Last week “the Beast from the East” seemed to stop Scottish life in its tracks, including mine. When the snow started to fall on Tuesday night I was at an equality event in the Scottish Parliament and I knew then we were going to have to dig in. As the week wore on alerts changed from yellow, to amber and for those of us in the central belt, a very disconcerting red.
When such severe and unusual weather conditions hit, they hit everyone, myself included. I usually come back to the constituency on a Thursday night but last week it was becoming clear that making a journey from Edinburgh wouldn’t be safe until Friday. In-fact, so many people did indeed heed the Transport Ministers warnings and decided not to travel which I was heartened to see. The minister was a bit of a “machine” during storm Emma, his updates were constant and helpful. Yes, there’s always going to be issues with roads and travel in such a storm; but I really was impressed with the constant stream of information coming from the various transport organisations.

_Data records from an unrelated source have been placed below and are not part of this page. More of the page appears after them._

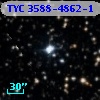 TYC 3588-4862-1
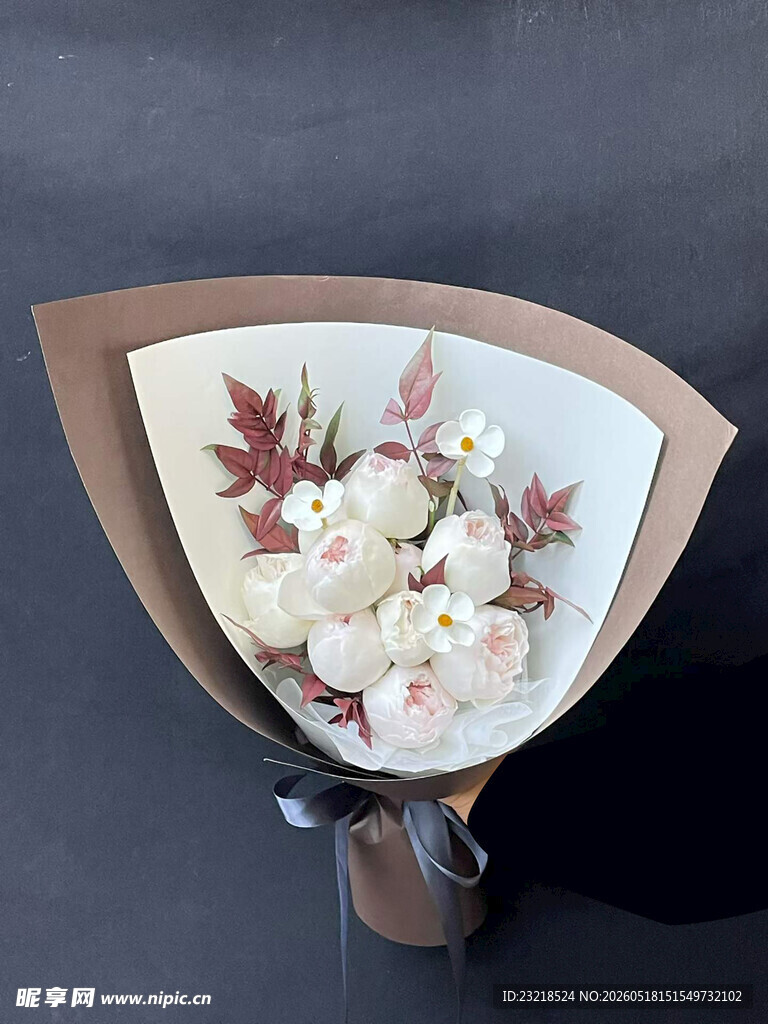 花束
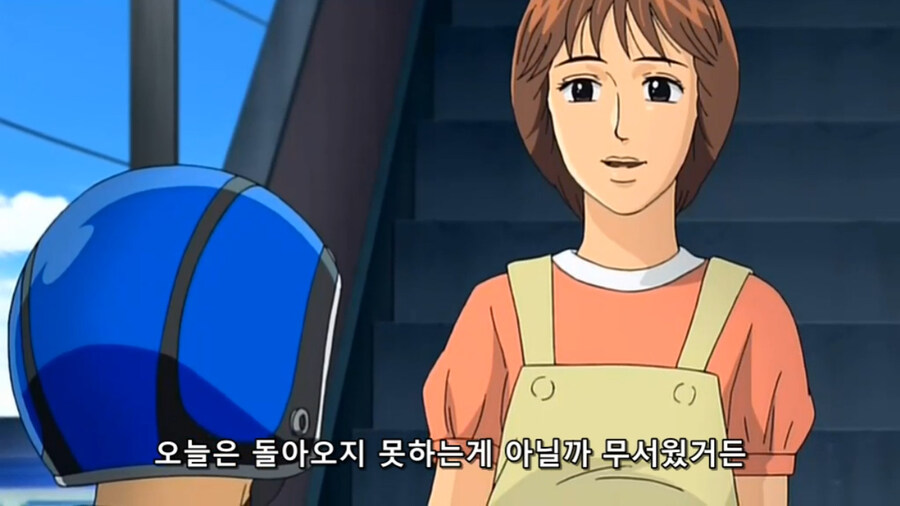 탈덕하다 다시 입덕을 너무 쌔게 하는 경우_20.jpg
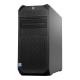 tech HPE Z4 G4 Tower WorkStation W2102 16G 256G 2T P600-2G Graphics for Your Business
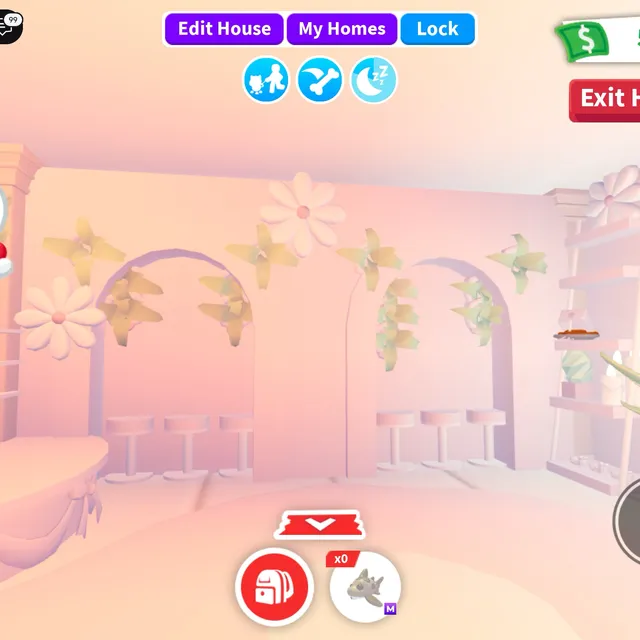 รายการภาพถ่าย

Sadly, however, there have been several social media reports of wages being docked or workers being forced to use holidays for snow days, it’s unfair and to be frank dangerous. I understand that there are vital services which have to continue to run; and I really do admire and thank all the front line workers who went above and beyond to not only get to work, and those who stayed for extra hours to take care of the most vulnerable and ensure our infrastructure was able to continue to run as best it could. Those workers are great and we are thankful, but with the schools being closed, child care facilities minimal and many transport links out; it’s unthinkable that some employers saw fit to force staff into work using the threat of a pay cut, especially when some of the reports I’m seeing are from already low paid workers. I was quite honestly flabbergasted, I join other politicians who’ve come out to condemn it, and this will be something we will be looking at in the future.
On a brighter note my social media was also flooded with heart-warming scenes and stories of communities coming together, of neighbours looking out for each other and random acts of kindness. It reminded me of days gone by when blethering to your neighbour was just the norm, but then as we saw over the festive period, this constituency is one of the best when it comes to looking out for our most vulnerable.
In other political news the Prime Minister made her third Brexit speech, a speech which was designed to give the country a clear idea of what leaving the EU would look like, and any deals which would be struck. Instead, it left us none the wiser and it seems the negotiations are not really that much further forward; a lot of waffle and very little substance. I’ll continue to do my job at the Scottish Parliament representing my constituency and standing up for the people who live here; in such uncertain times it would seems a “strong voice” and a sure plan is needed more than ever.
This week will be a busy one, there will be a snow clear up going on across Glasgow and I point constituents to the Glasgow City Council website and twitter pages to keep up to date. As temperatures remain low we are at risk of icy conditions underfoot, so please continue to look out for some of our more vulnerable residents. I cannot thank each and individual who made this snowy week more bearable, from the carers and health care staff, to the many council workers and volunteers who cleared roads and pavements, not an ounce of work went without notice.